## Env data

In [None]:
import numpy as np

import tensorflow as tf
import tensorflow_hub as hub
import tensorflow_datasets as tfds

import matplotlib.pyplot as plt

print("Version: ", tf.__version__)
print("Eager mode: ", tf.executing_eagerly())
print("Hub version: ", hub.__version__)
print("GPU is", "available" if tf.config.list_physical_devices('GPU') else "NOT AVAILABLE")

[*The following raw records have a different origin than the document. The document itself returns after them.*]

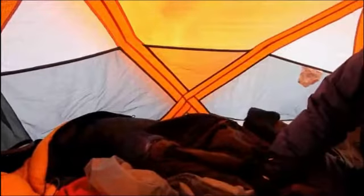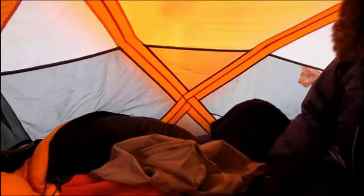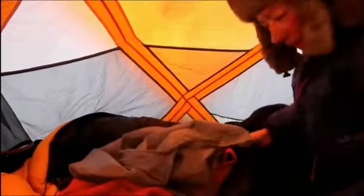Inside the tent, what I'm going to do now is try to be efficient in taking off my outer layers to get into the bag with the least amount of time passing. The first thing I do is tuck my outer gloves under my sleeping bag so they'll be nice and warm in the morning.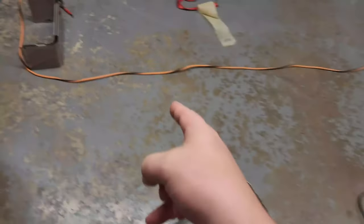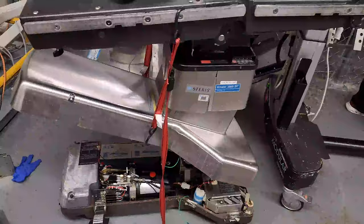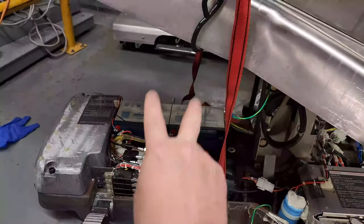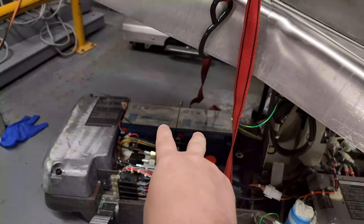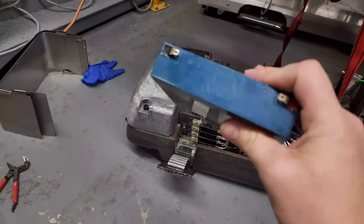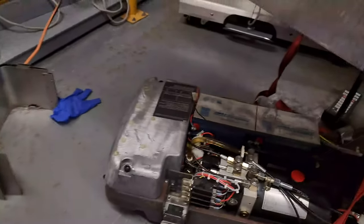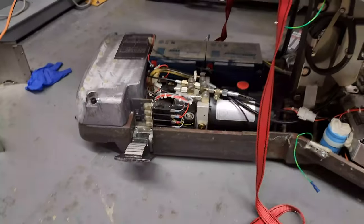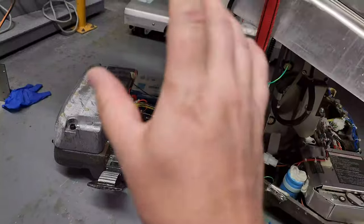We have another 3085 over here. This one has some newer 28 amp-hour or 26 amp-hour batteries, but the control batteries — you can see right there, dated 2014. The control batteries sit right next to those ones and they all have to be changed out at the exact same time. So we are changing out the batteries on this one and it should be good to go.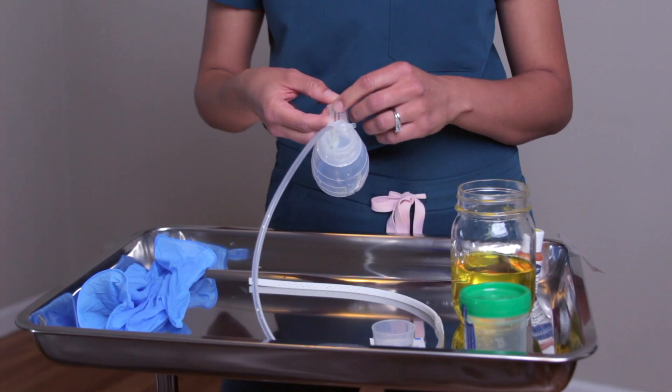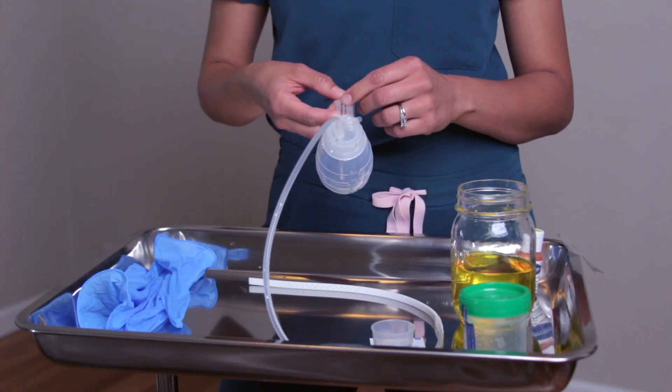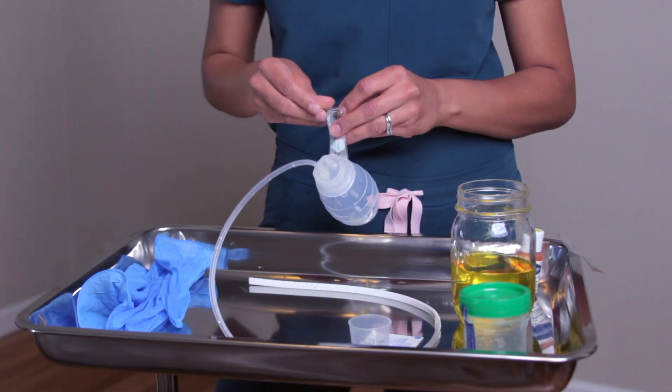You'll also see on this side that sometimes the drain will be labeled with a number if there's more than one JP drain — such as number one, two, three, or four. You'll see this in the setting of a mastectomy where they may have four JP drains, one and two on each side. It will reflect on your flow sheet so you can document the appropriate drainage amount, which the doctors will want to know.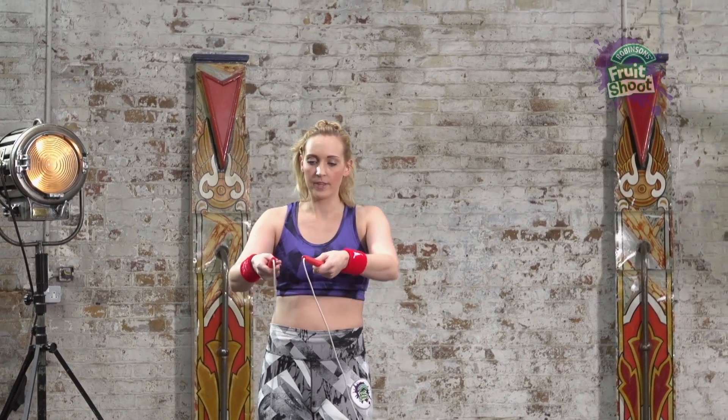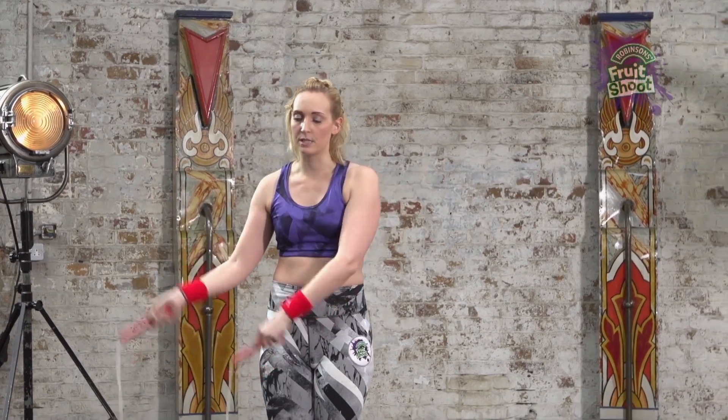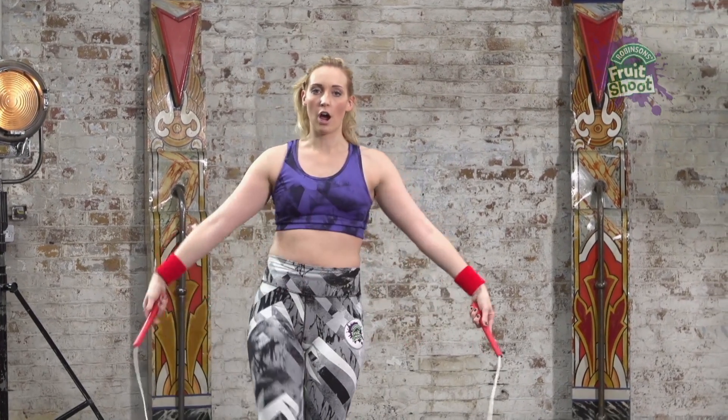So I'll show you that a little bit faster. Bring it over your head, swing, cross, open.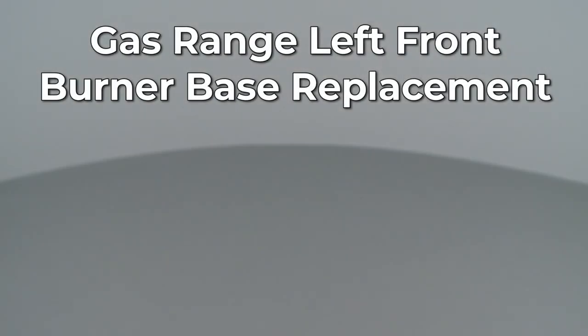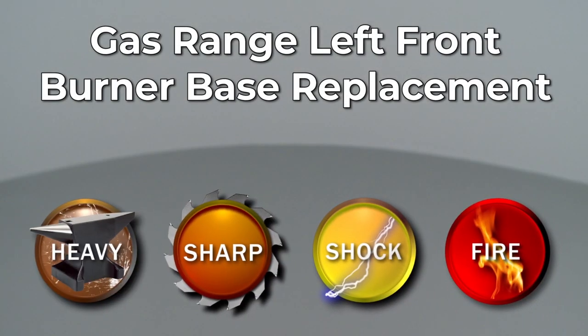Since Repair Clinic encourages you to perform this repair safely, a warning icon will appear when you should use caution.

# When debugging, use the follwing to use eager execution.
tf.config.run_functions_eagerly(True) 

## Tensorflow Hub

In [None]:
# https://www.tensorflow.org/hub/overview?hl=en

!pip install --upgrade tensorflow-hub

### Download embedding model

In [None]:
# Using TF Hub model in Keras https://www.tensorflow.org/hub/tf2_saved_model#using_savedmodels_from_tf_hub
model = "https://tfhub.dev/google/nnlm-en-dim50/2"
hub_layer = hub.KerasLayer(model, input_shape=[], dtype=tf.string, trainable=True)

## Tensorflow Datasets

In [None]:
!pip install tensorflow-datasets

In [3]:
# https://www.tensorflow.org/datasets/overview
import tensorflow as tf
import tensorflow_datasets as tfds


(train_ds, test_ds), info = tfds.load("imdb_reviews", 
                                      split=['train[:1%]','test[:1%]'],
                                      shuffle_files=True, 
                                      data_dir="data/imdb/", 
                                      as_supervised=True,
                                      with_info=True)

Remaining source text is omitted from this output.